- Classification: Reformed Protestantism
- Headquarters: Luanda, Angola
- Founder: Missionaries from the Swiss Reformed Church
- Origin: 1925 Kikaya, Uige Province, Angola
- Separated from: The Mission of Northern Angola
- Congregations: 450
- Members: 300,000+

= Evangelical Reformed Church in Angola =

Protestant church in Angola

The Evangelical Reformed Church in Angola is a Reformed denomination in the country of Angola established by the missionaries of the Swiss Reformed Church.

== History ==
The Evangelical Reformed Church in Angola was established in 1925 in Kikaya, Uige Province in the north by Swiss and English missionaries, especially Archibald Patterson from Liverpool and Ernest Nickleus of the Swiss Reformed Church. The Mission of Northern Angola covered the Northern part of Angola, included the cities of Kikuya, Kinkuni, and Kimbela. During the Portuguese rule, catechists and evangelist were often arrested. During the Angolan Civil War, the church suffered persecution, and properties were destroyed. Later the mission was divided into 3 parts, one part fled to Zaire during the war, the other in the woods to the guerillas, the third remained the towns and cities. After the war, parishes were reconstructed. The church reopened in 1973. Headquarters were removed from Uige to Luanda. It is primarily strong in the Eastern part of the country though it is present in 11 provinces out of the 18 in Angola.
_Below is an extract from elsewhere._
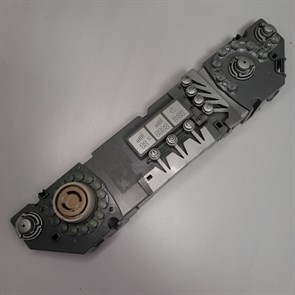 30410724 Модуль индикации для стиральных машин Ariston Indesit AQXF109(CSI) 30410724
In 1978 adopted the current name.

The Presbyterian Church of Angola separated from the denomination in 1986 under the leadership of Neves Massaqui.

== Doctrine ==
The church affirms the historic confessions of:
- Heidelberg Catechism
- Second Helvetic Confession
- Apostles Creed.

Member of the World Communion of Reformed Churches.

== Statistics ==
The church has 300,000 members in 450 congregations served by 370 pastors.